» **Supplied records**:
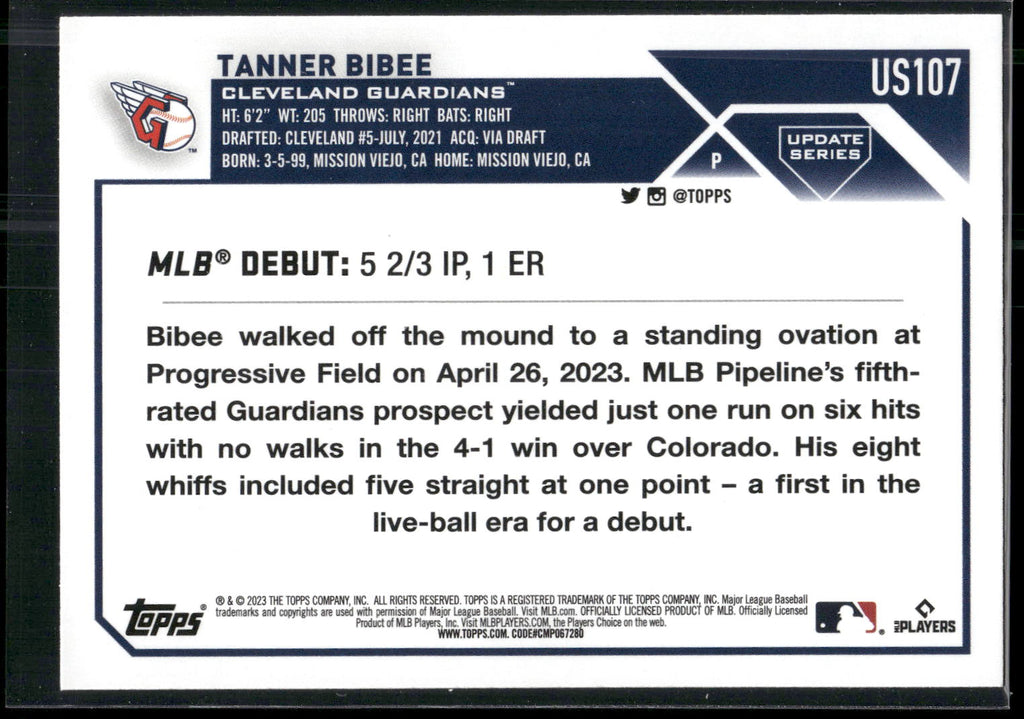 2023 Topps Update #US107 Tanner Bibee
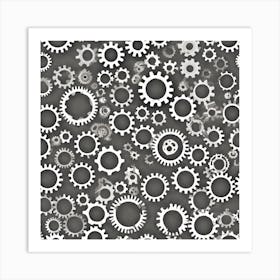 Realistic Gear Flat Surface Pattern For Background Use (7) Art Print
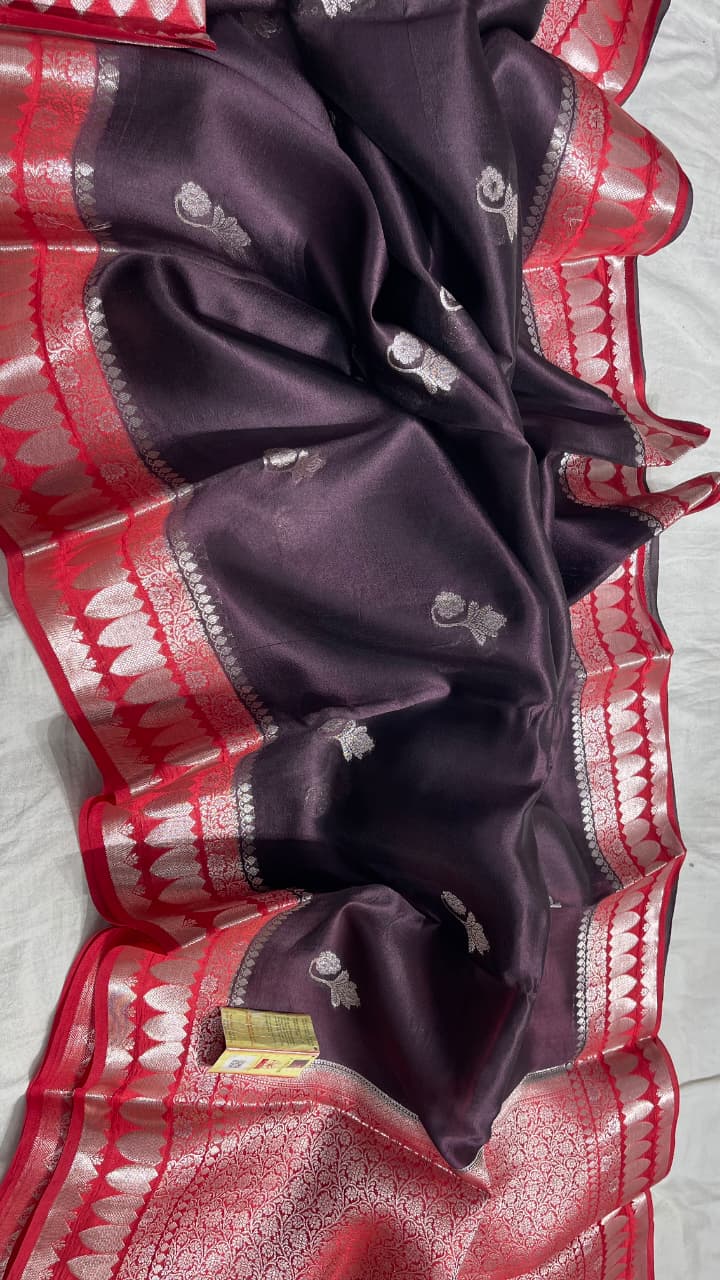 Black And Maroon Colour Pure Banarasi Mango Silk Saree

* * *

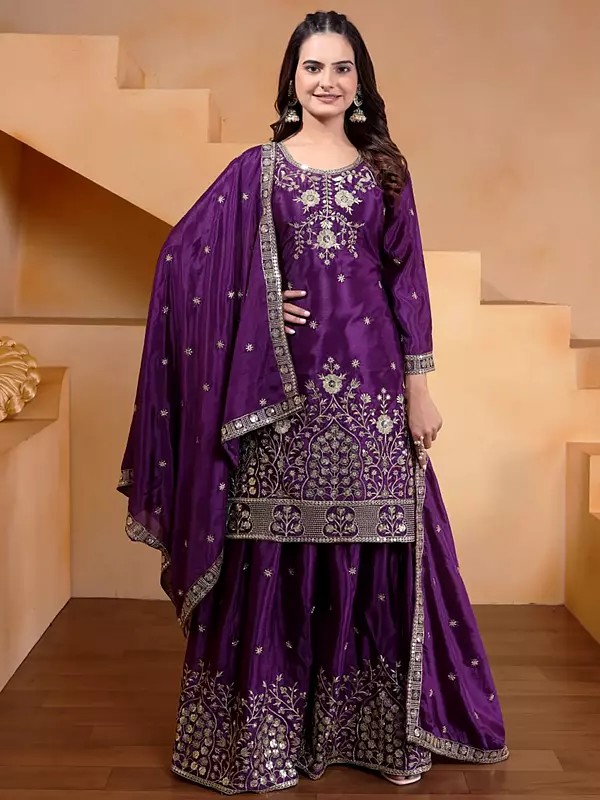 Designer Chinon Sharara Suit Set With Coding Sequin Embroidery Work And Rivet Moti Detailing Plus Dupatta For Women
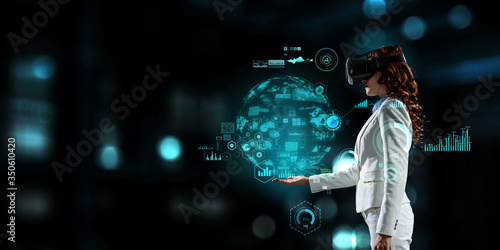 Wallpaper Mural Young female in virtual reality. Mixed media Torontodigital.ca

» **Problem details**: Pictures aside, return exactly the lines from the data above, starting at the line that has "Designer Chinon Sharara" and ending at the line that has "Wallpaper Mural Young", both included.

» **Expected answer**:
 Designer Chinon Sharara Suit Set With Coding Sequin Embroidery Work And Rivet Moti Detailing Plus Dupatta For Women
 Wallpaper Mural Young female in virtual reality. Mixed media Torontodigital.ca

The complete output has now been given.